C’est donc avec un immense soulagement que nous pûmes entendre un Américain venu des Appalaches, James David Vance, auteur du best-seller Hillbilly Elegy (qu’on aurait pu traduire Complainte du Péquenot), devenu depuis Vice-Président des Etats Unis, se livrer dans une conférence à Orlando en 2021 devant un parterre conservateur, à une attaque en règle contre les universités américaines, supposées au service « de la vérité et du savoir », mais « fondamentalement corrompues et dédiées à la tromperie et aux mensonges, et pas à la vérité ». Pourquoi, demandait-il, « nos universités s’engagent-elles envers certaines des positions les plus malhonnêtes du monde au lieu de s’engager en faveur de la vérité ? » Le même J.D. Vance vient de prolonger sa pensée à Munich en février 2025 devant un parterre de dirigeants européens, en déclarant que l’obstination du vieux continent à censurer les opinions de ses peuples et à couper les réseaux sociaux au nom de soi-disant dérives est liberticide, car selon lui « on ne peut pas imposer l’innovation ou la créativité, pas plus qu’on ne peut obliger les gens à penser, ressentir ou croire quelque chose en particulier ». Il faut se réjouir de ce retournement spectaculaire, qui rend obsolètes les milliers d’articles et d’essais publiés depuis une dizaine d’années sur le déclin des idéaux de vérité et de démocratie : J.D. Vance vient dire à tous ceux qui se sont opposés à la post-vérité et aux dérives que la vériphobie postmoderne a induites, que la vérité existe bien, que la démocratie ne peut pas fonctionner sans elle, et qu’elle est nécessaire à la liberté d’expression et aux idéaux du libéralisme politique.
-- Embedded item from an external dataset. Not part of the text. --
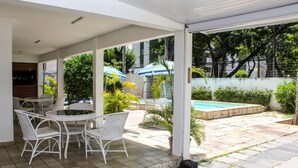 A covered outdoor area with a pool, white wicker furniture, and umbrellas. - Hospedaria Gebel LocDay (Recife)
Enfin on peut dire qu’il est vrai que la neige est blanche siet seulement si la neige est blanche. Tous les lecteurs du De la liberté de Mill et de De la démocratie en Amérique de Tocqueville devraient applaudir ces conceptions enfin saines venues de la galaxie trumpienne dont nous ne cessions de nous désespérer des idées et de frémir des horreurs.
Las ! Le masque du bon sens et de la vériphilie revêtu par M.Vance tombe dès qu’on comprend que son éloge du « libre marché des idées » vient avec un éloge de la dérégulation complète des réseaux sociaux et une défense ouverte des manipulations d’internet et de la promotion de faussetés les plus évidentes,
telles que l’élection présidentielle truquée en Roumanie, et les astroturfings nés sous X. Qui peut parler d’un libre marché des idées et de vérité quand l’administration américaine se livre, via Elon Musk, à un détournement sans précédent des opinions par l’intermédiaire de réseaux sociaux dont il est propriétaire et qu’il contrôle à chaque bout de la chaîne? Quand Mill parlait de la liberté d’opinion et de son lien constitutif avec la vérité, il nous enjoignait à ne pas confondre la vérité avec l’utilité, que ce soit celle des pouvoirs en place ou celle de ceux qui s’ y opposent. Vance prétend défendre la première, mais il
ne défend que la seconde, celle des intérêts de l’Etat prétendument impartial qui se comporte partout comme s’il était un descendant des Compagnies qui écumaient l’Atlantique et le Pacifique il y a deux siècles. Comment peut-il tancer les Européens pour leur propension à censurer les réseaux sociaux, alors même que l’administration qu’il dirige censure un livre pour enfants de l’actrice Julianne Moore qui a le malheur de décrire les affres d’une petite fille honteuse de ses taches de rousseur, ce qui suggère, selon cette même administration, un biais de genre et de race ? Encore un effort, M.le Vice-président, pour vous hausser au niveau des exigences de la vérité. Vous aimez citer Richard Nixon : «Nos ennemis, ce sont les professeurs ». L’université américaine n’a pas ététoujours à la hauteur. Mais les universités européennes non plus. Pourtant à partir du moment où l’on adopte la posture d’accepter « la vérité et le savoir », il est parfaitement hypocrite de les nier au nom de ses intérêts bien compris.